- [Data shown]
>>>
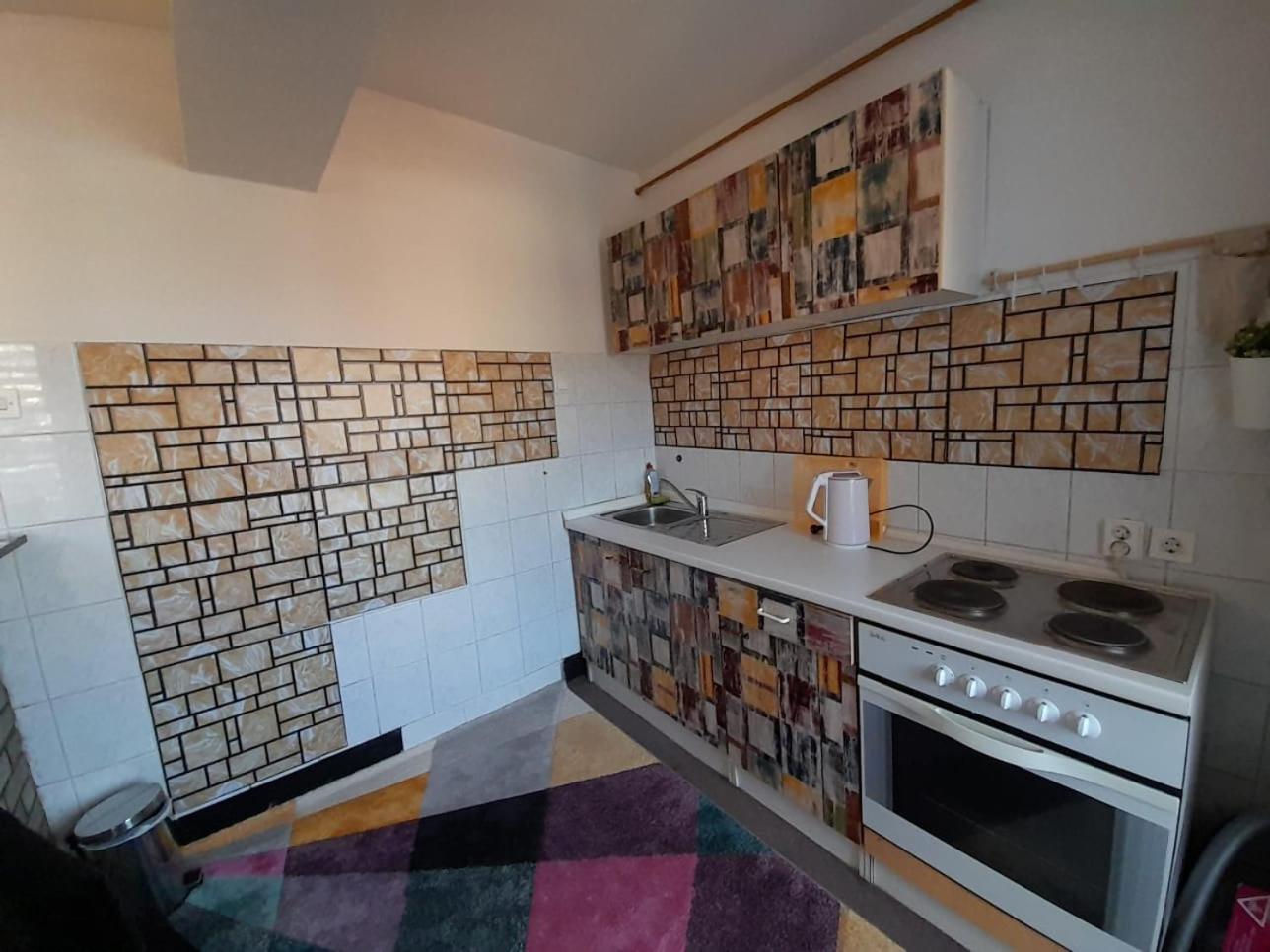 Vista Old Town Apartment *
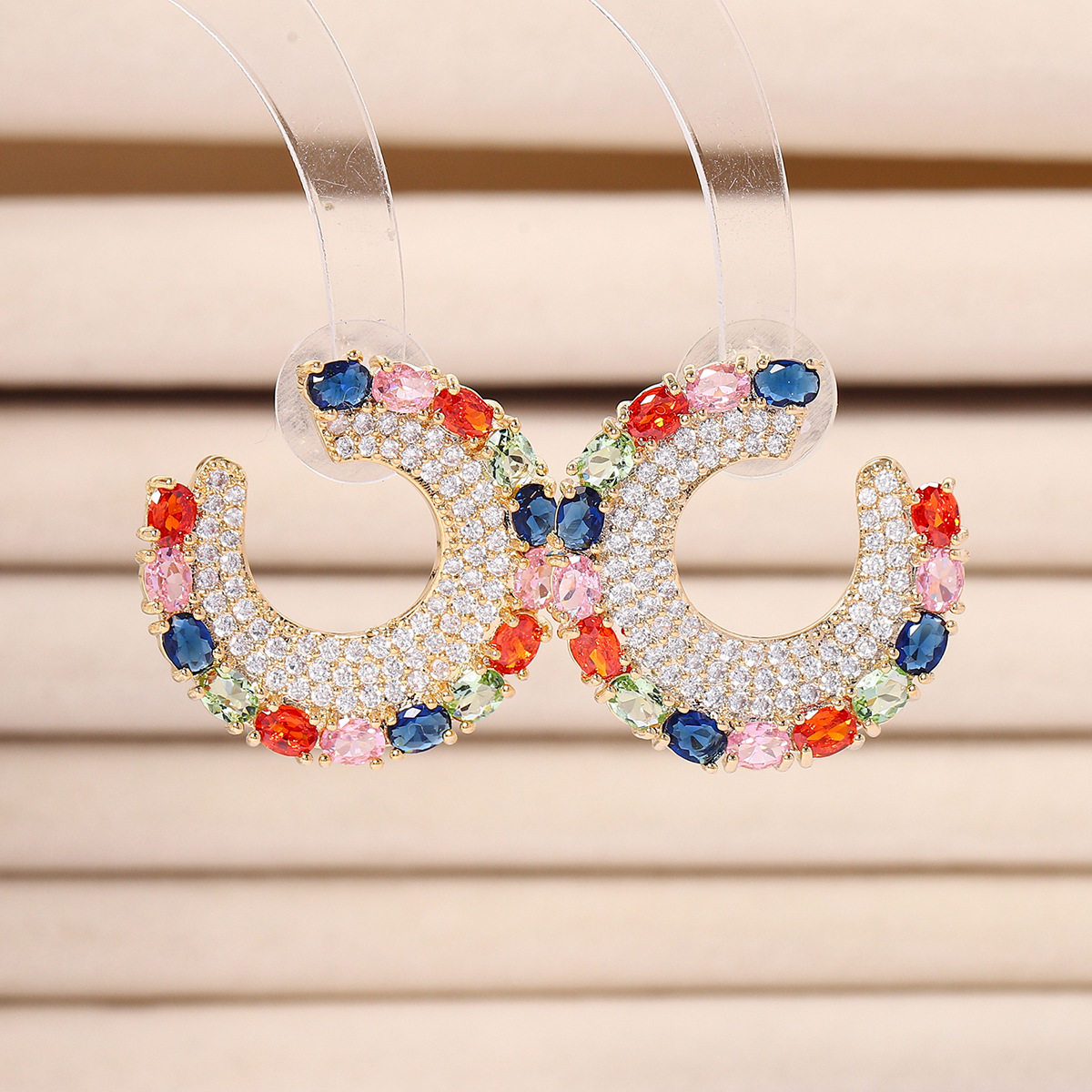 欧美彩色镶钻c字造型设计耳环女耳钉时尚轻奢风格925银针百搭饰品,饰品/流行首饰/时尚饰品新,耳环,淘宝优惠券,粉丝福利购,淘宝优惠卷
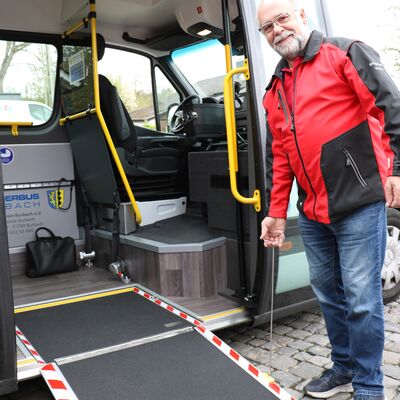 Bild vergr��ern: Dank einer ausklappbaren Rampe k�nnen auch Rollstuhlfahrerinnen und -fahrer und Personen mit Rollator oder Kinderwagen bequem zusteigen.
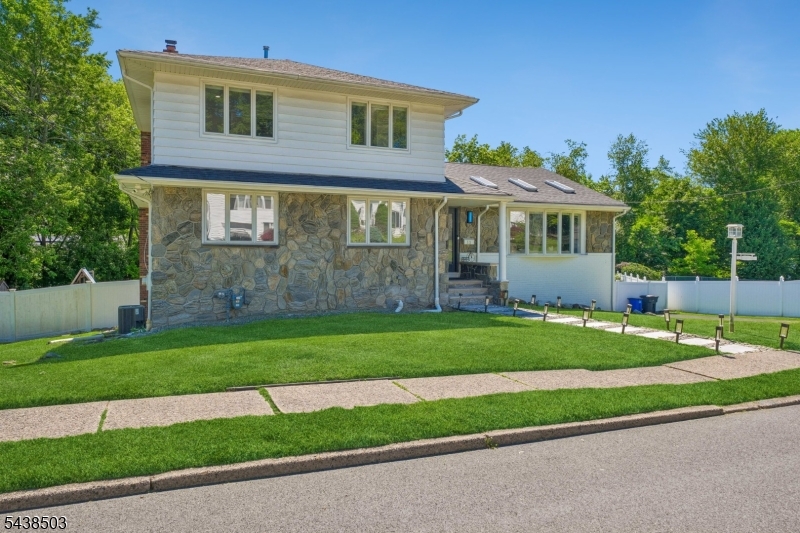 13 Munsey Road Emerson, NJ 07630 - Photo 3 of 48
<<<
- [What to do] Write out all the material above exactly, with no image carried over.

- [Problem solution]
 Vista Old Town Apartment *
 欧美彩色镶钻c字造型设计耳环女耳钉时尚轻奢风格925银针百搭饰品,饰品/流行首饰/时尚饰品新,耳环,淘宝优惠券,粉丝福利购,淘宝优惠卷
 Bild vergr��ern: Dank einer ausklappbaren Rampe k�nnen auch Rollstuhlfahrerinnen und -fahrer und Personen mit Rollator oder Kinderwagen bequem zusteigen.
 13 Munsey Road Emerson, NJ 07630 - Photo 3 of 48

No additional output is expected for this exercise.